Since they expected Pearl Harbor and its biggest ships to be ringed with torpedo nets, Yokosuka experimented with various methods of cutting them. Nothing worked. Fukudome later said that, faced with nets, “It was decided to make bombings only against them, giving up torpedo attacks.” But that wasn’t the whole truth, as Fuchida had furtively gotten Genda’s approval to have pilots suicide-dive into any torpedo nets to shatter them.

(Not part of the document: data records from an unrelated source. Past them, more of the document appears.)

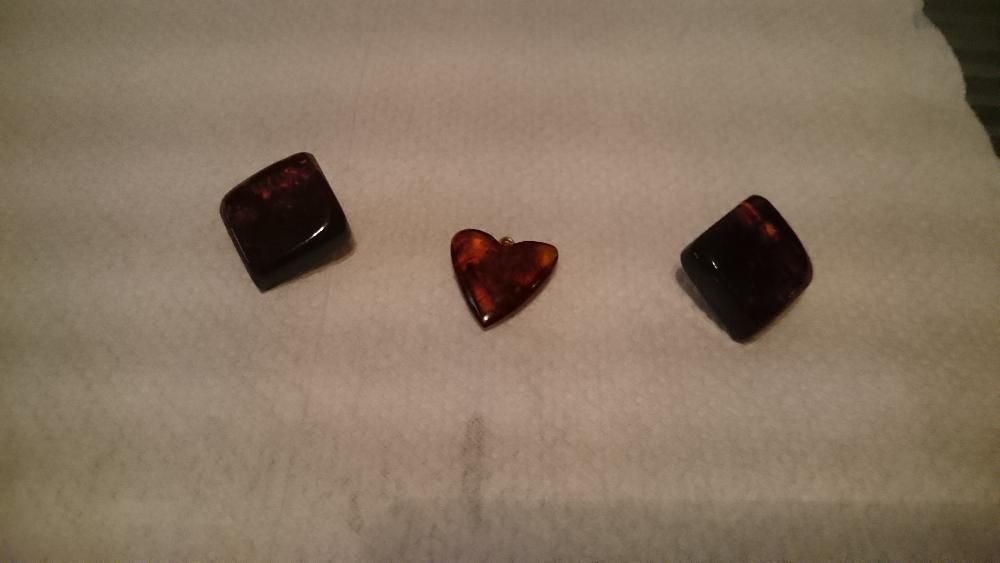 Кехлибарен комплект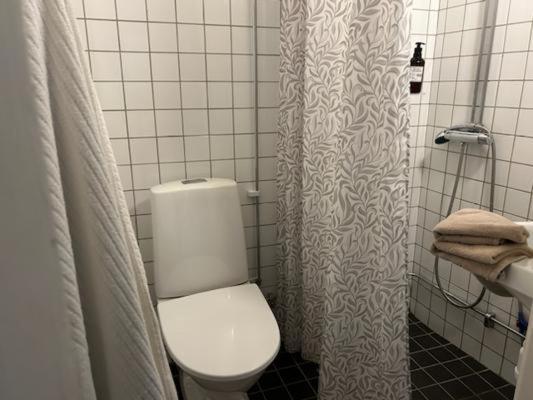 Stockholm Loft Haven 3 Beds In A 1- Bedroom Gem - 917 Екстериор снимка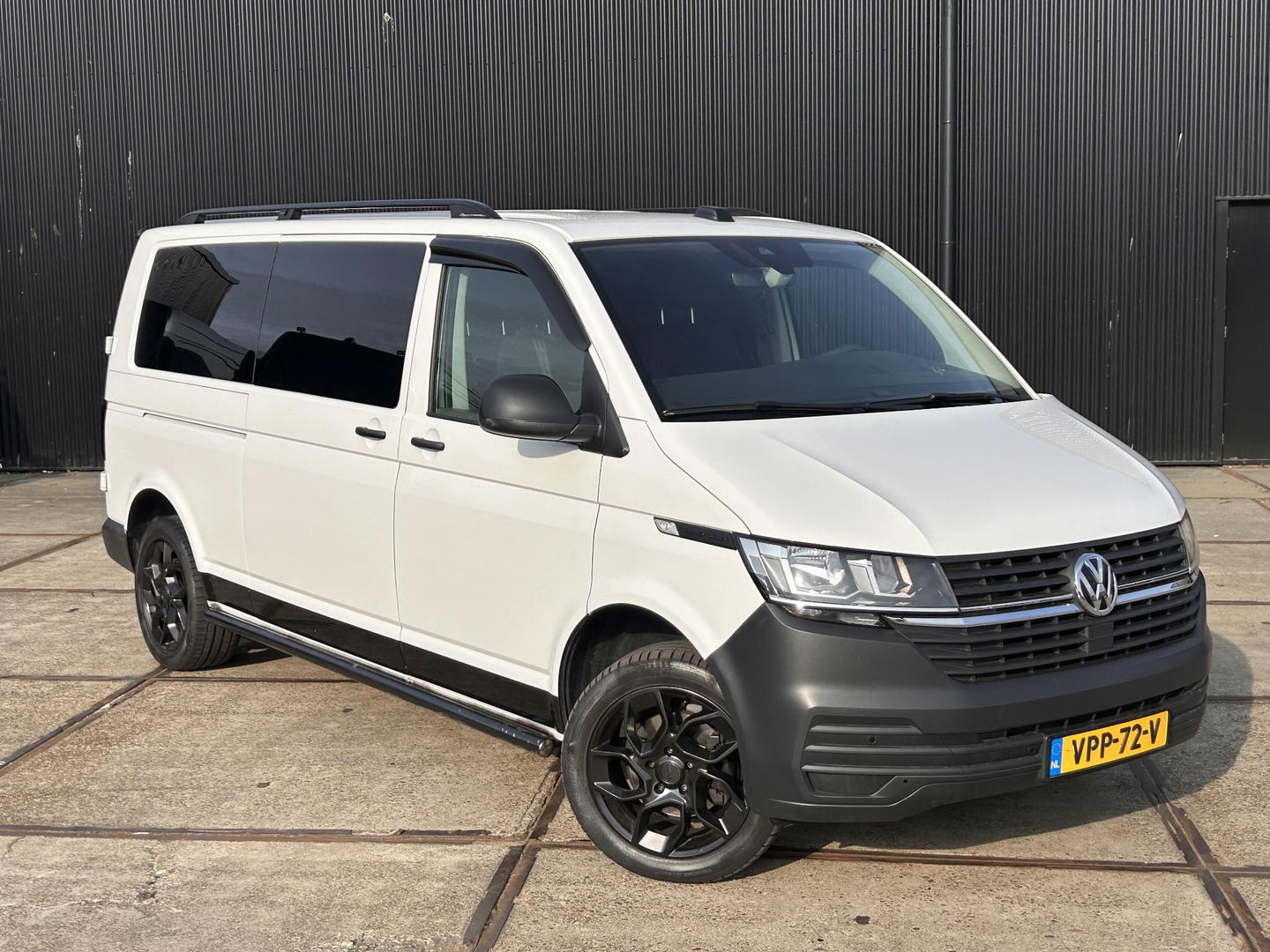 Volkswagen Transporter 2.0TDI L2H1 | 2x Schuifdeur | 18 inch LMV | Stoelverwarming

The high-level bombing presented even more of a problem than the torpedoes, since the Japanese had no shells that could penetrate a battleship’s high-armored decks; the ones that they did have wouldn’t fall straight, and their bombsight technology was so primitive it meant a humiliating failure rate in hitting their targets. After days of experiment and failure, Fuchida’s teams finally came up with the answer. By adding metal fins to a sixteen-inch, seventeen-hundred-pound battleship shell to ensure it would fall nose-first, and then dropping it from a height of eleven thousand feet, the shell’s weight, combined with the power of gravity, created a bomb that could penetrate a battleship’s deck. Fuchida also exchanged the traditional nine-plane high-level formation for five planes in an arrowhead, which gave him ten attack units, each of which could concentrate on its assigned target. After months of drilling, squads led by the best high-level pilots with the best bombardiers had every crew drop their ordnance when their leaders did. The hit rate improved by 70 percent.